Une rencontre au sommet, le duo Martha Argerich - Renaud Capuçon
Chaque année, au Victoria Hall de Genève, l’Agence Caecilia organise de prestigieuses soirées dans le cadre de sa série ‘Les Grands Interprètes’. Du concert prévu le 9 septembre avec l’European Philharmonic of Switzerland dirigé par Charles Dutoit, il ne reste que la soliste annoncée, Martha Argerich, qui dialogue avec Renaud Capuçon dans un programme sans entracte qui est proposé le même soir deux fois de suite, à 18h et à 20h 30.
Dans une salle bondée où le port du masque est obligatoire, le public médusé est impressionné d’emblée par l’énergie débordante que le piano tire du roulement de doubles croches ouvrant l’Allegro assai de la Huitième Sonate en sol majeur op.30 n.3 de Beethoven. Dans un son plus retenu, le violon se laisse gagner par le phrasé émoustillant qu’impose la meneuse de jeu en le saupoudrant de trilles clairs ; puis il se libère dans le Tempo di minuetto qui est assimilé à un andante méditatif embué de larmes amères où l’un écoute l’autre avec une attention soutenue. Et le Finale tient du scherzando échevelé qui vous réjouit.
Changement de décor avec la sublime Sonate en la majeur de César Franck que le piano plonge dans un climat mystérieux quelque peu interrogatif auquel le violon répond par une simplicité résignée ; mais les octaves et accords descendants au clavier animent le discours d’une générosité que l’archet prendra à son compte afin de modeler une cantilène radieuse. Puis une houle déferlante des basses emporte l’Allegro anxieux dont la tension se relâchera grâce à la clarté des aigus enveloppés dans un legato sensible. Le Recitativo renoue librement avec l’étrangeté du début que les formules en arpèges semblent diluer pour laisser place à l’Allegro mosso conclusif où les deux complices se répondent en un chant apaisé que la nuance piano subito innervera sournoisement d’inquiétude, confinant la reprise du thème initial à une lointaine réminiscence.
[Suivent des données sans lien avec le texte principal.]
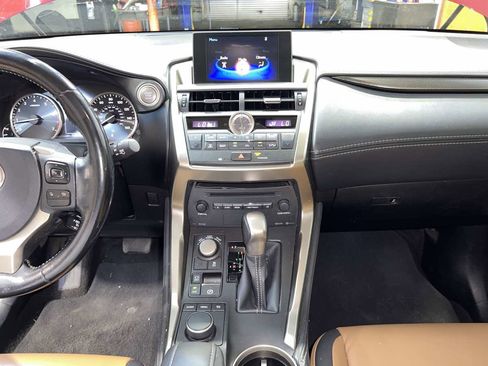 Used 2017 Lexus NX 200t FWD w/ Accessory Package image 19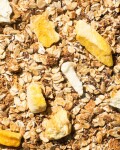 Vilgain Pečené müsli – Mango & kokos 600 g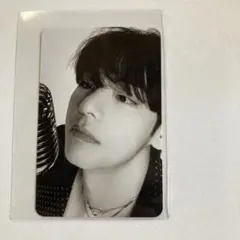 BTS V テテ トレカ ARIRANG Weverse Albums ver. - メルカリ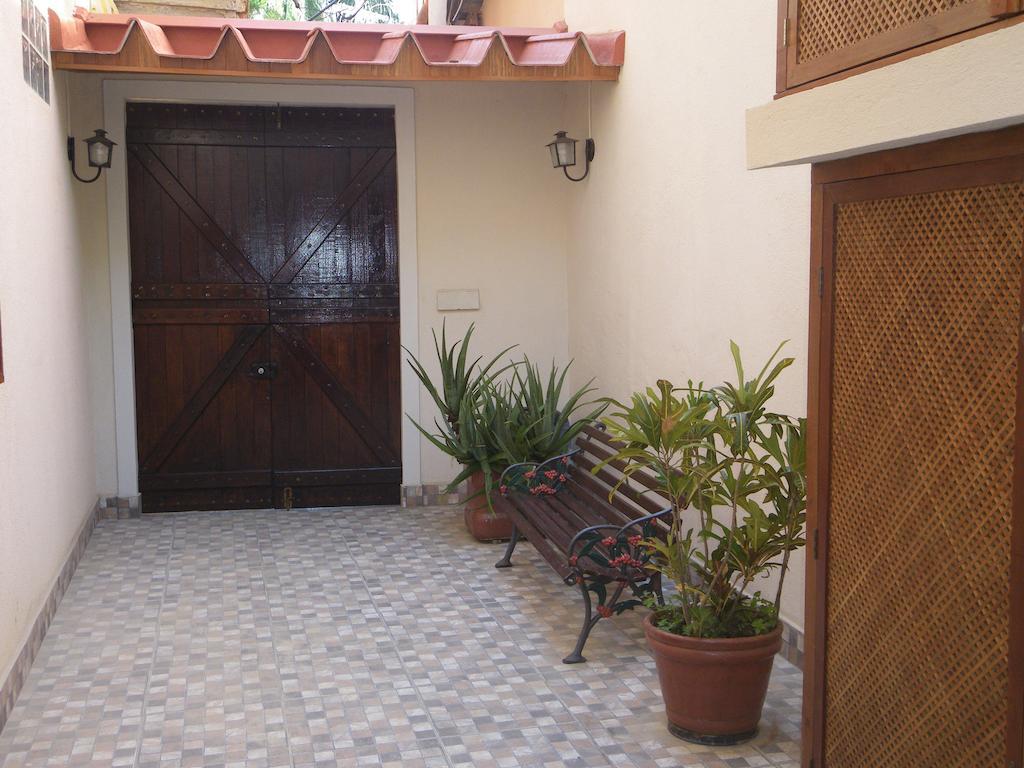 Aparthotel Residencial Gigoia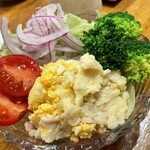 博多いち - 料理写真: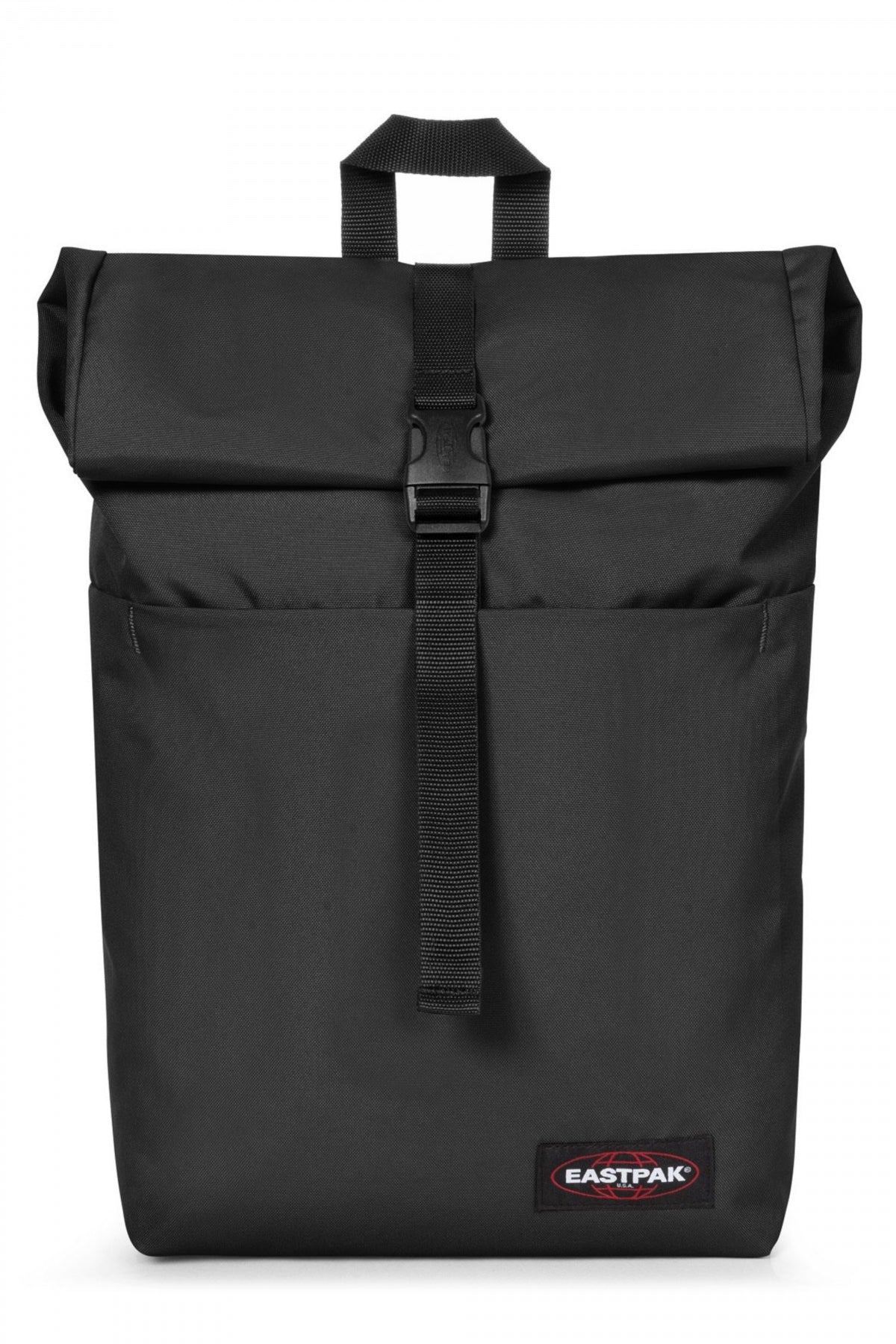 EASTPAK UP ROLL en color NEGRO (2)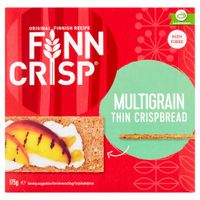 finn crisp multigrain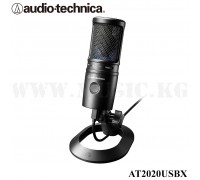 USB-микрофон Audio-Technica AT2020USBX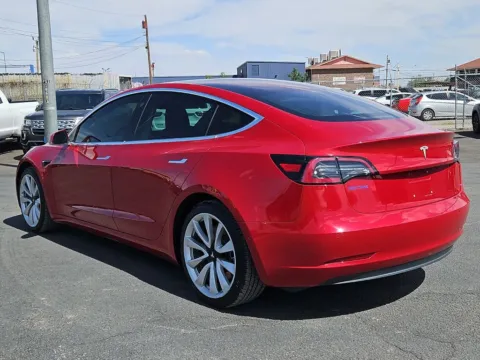 More photos of 2018 Tesla Model 3 Long Range at RightDrive - 9315 Montana, TX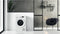 Whirlpool FFT M11 82B BE R - Warmtepompdroger - A++ - 8 kg - Wit
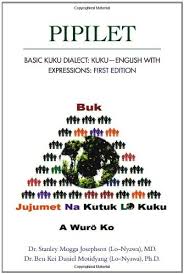 Yandex.translate works with words, texts. 9781460205846 Pipilet Basic Kuku Dialect Kuku English With Expressions Abebooks Josephson Lo Nyawa Stanley Mogga Motidyang Lo Nyawa Ben Kei Daniel 1460205847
Mais l’animato des dernières mesures apportera une conclusion brillante que pimenteront les trilles victorieux du violon.
Devant l’enthousiasme des spectateurs qui en oublient leur masque pour manifester bruyamment leur joie, les deux artistes, bons princes, offrent deux bis, un ahurissant Scherzo de la Deuxième Sonate en ré majeur op.94 de Sergey Prokofiev et un Liebesleid de Fritz Kreisler au charme ravageur légèrement suranné.